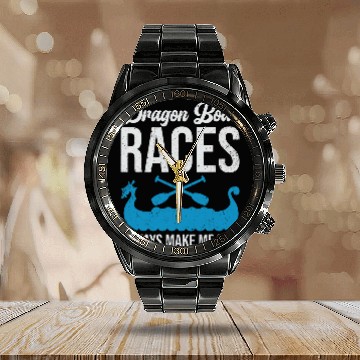 Discover Dragon Boat Races Zip Calendar Steel Band Watch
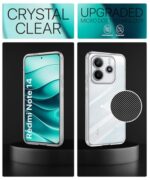 Transparent Back Cover Case for Redmi Note 14 SE 5G | Redmi Note 14 5G | Raised Bumps for Full Device & Camera Protection Shockproof TPU Silicone Mobile Case Transparent - Image 7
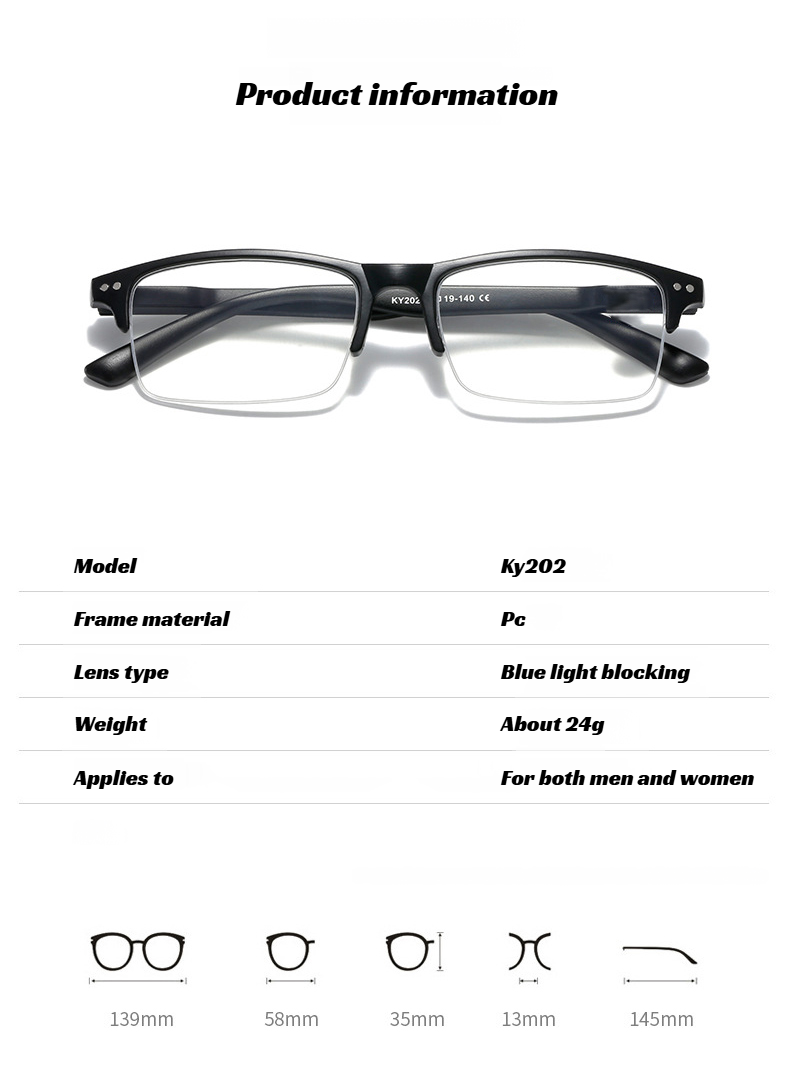 Stylish leisure reading glasses with blue light protection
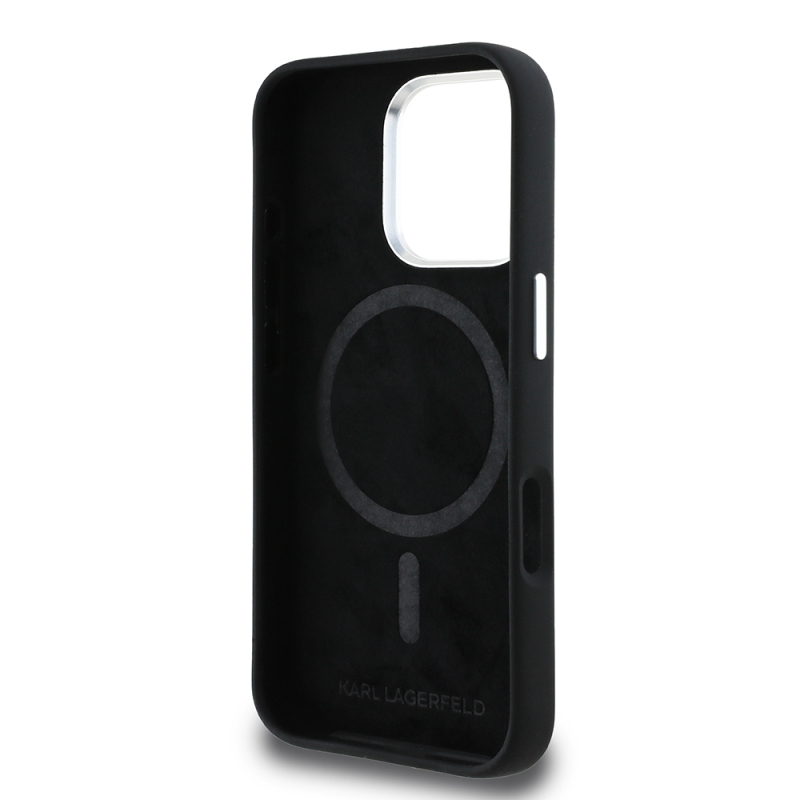 Apple iPhone 16 Pro Kılıf Karl Lagerfeld Orjinal Lisanslı Karl & Choupette Sketch Logo Sililkon Kapak - 8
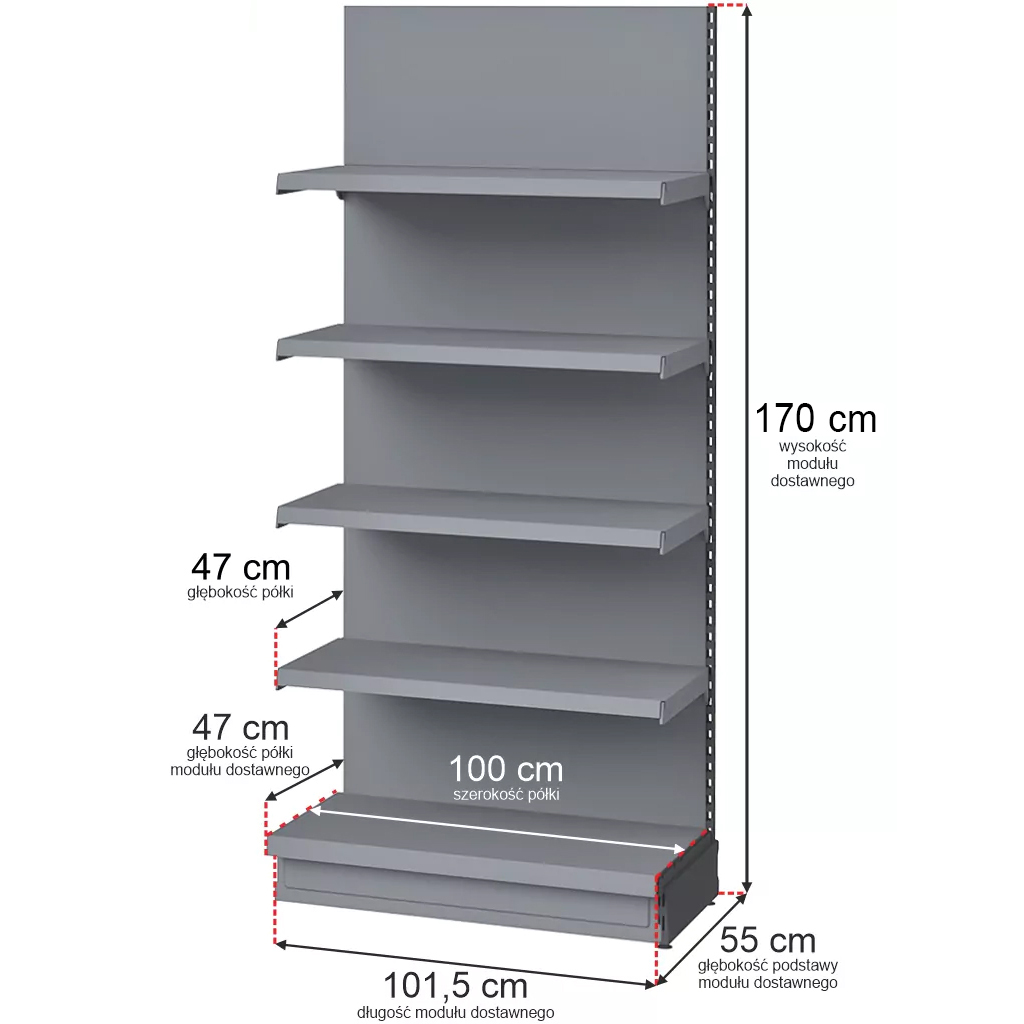 11112025691348f63f5d6.jpeg Veikala plaukts Mega-M Merkury sienas H-170 cm L-101,5 cm G-47/4x47 cm (GC-55 cm) grafīta papildu modulis N - Image 1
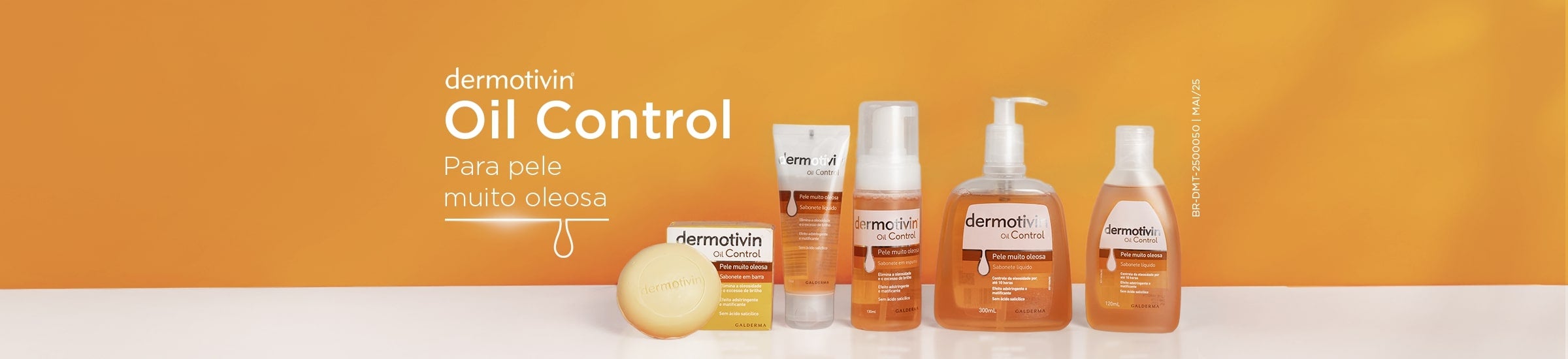 Banner horizontal com a linha de produtos Dermotivin Oil Control para pele muito oleosa, apresentando cinco produtos em tons de laranja e marrom. Inclui um sabonete em barra, um sabonete líquido em bisnaga, um sabonete em espuma, um sabonete líquido com pump e um sabonete líquido em frasco menor.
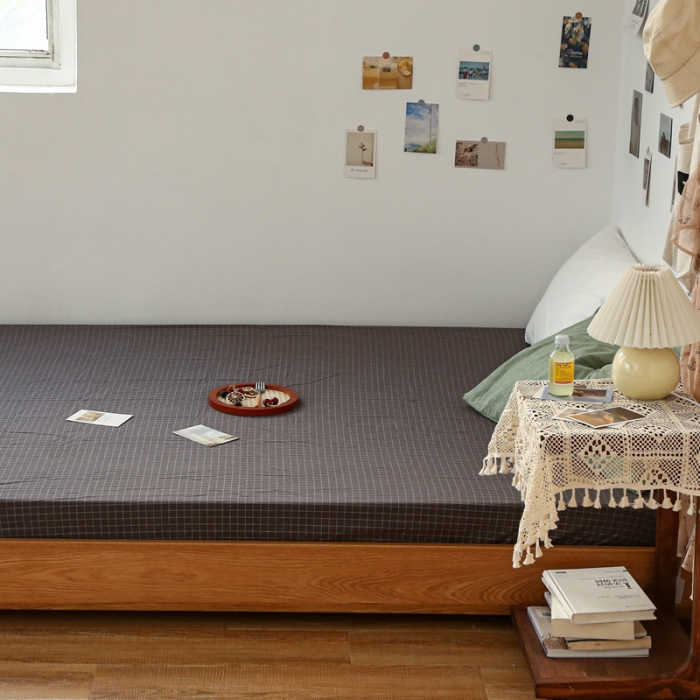 91家纺网 家纺一手货源 找家纺 安莱生活 2021新款色织全棉水洗棉单床笠 小灰格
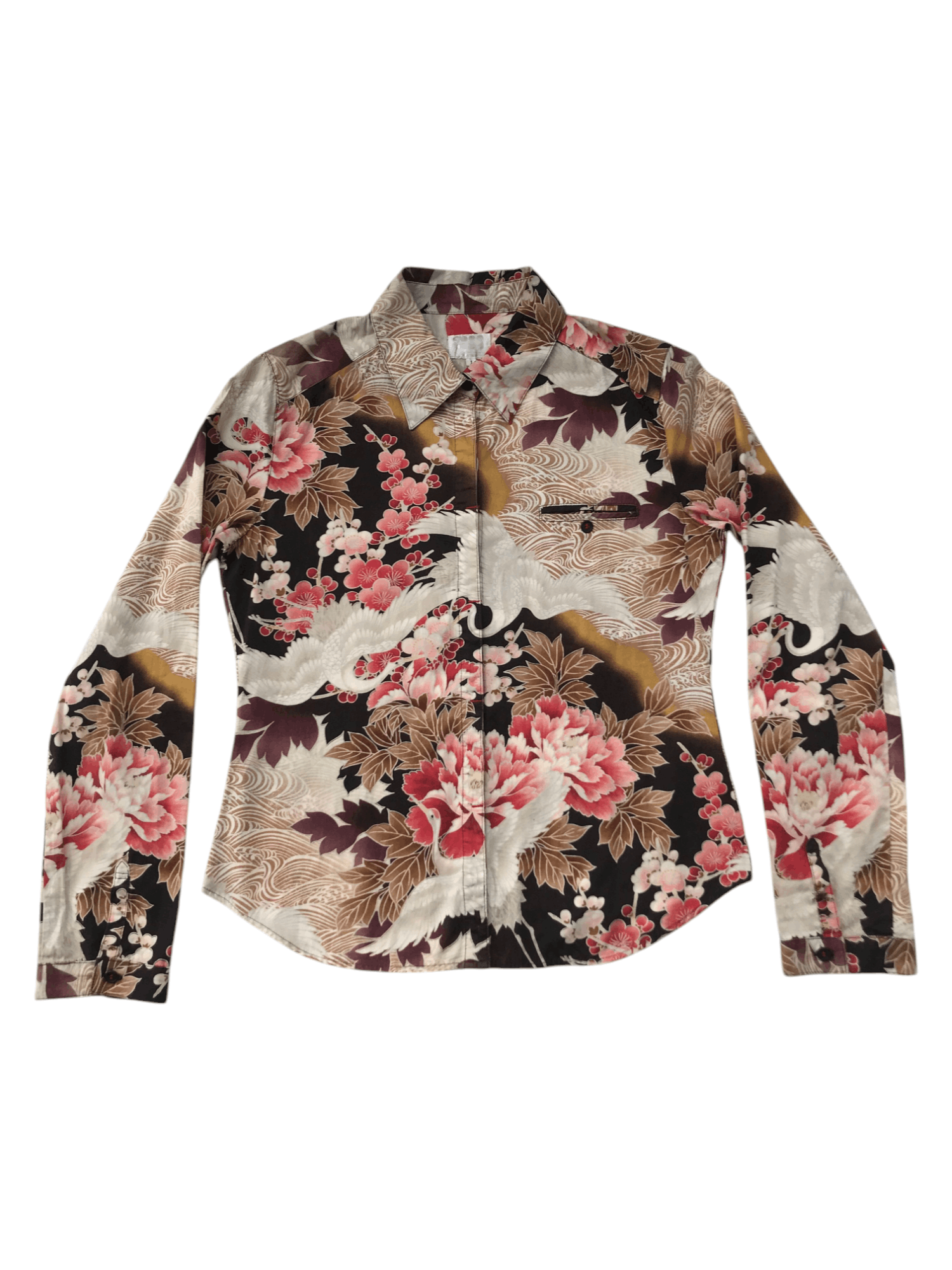 Takeo Kikuchi Takeo Kikuchi Japanese Vintage Flowers Swan Long Sleeve Size S / US 4 / IT 40 - 2 Thumbnail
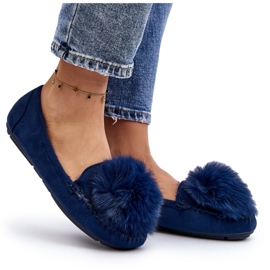 Women's blue loafers with fur and pompom 4 Women's blue loafers with fur and pompom 4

* **Problem statement**: The answer must be the lines above from the one containing "Transparent Back Cover" through the one containing "11112025691348f63f5d6.jpeg Veikala plaukts", reproduced exactly, with no pictures and nothing else.

* **Worked solution**:
 Transparent Back Cover Case for Redmi Note 14 SE 5G | Redmi Note 14 5G | Raised Bumps for Full Device & Camera Protection Shockproof TPU Silicone Mobile Case Transparent - Image 7
 Stylish leisure reading glasses with blue light protection
 Apple iPhone 16 Pro Kılıf Karl Lagerfeld Orjinal Lisanslı Karl & Choupette Sketch Logo Sililkon Kapak - 8
 11112025691348f63f5d6.jpeg Veikala plaukts Mega-M Merkury sienas H-170 cm L-101,5 cm G-47/4x47 cm (GC-55 cm) grafīta papildu modulis N - Image 1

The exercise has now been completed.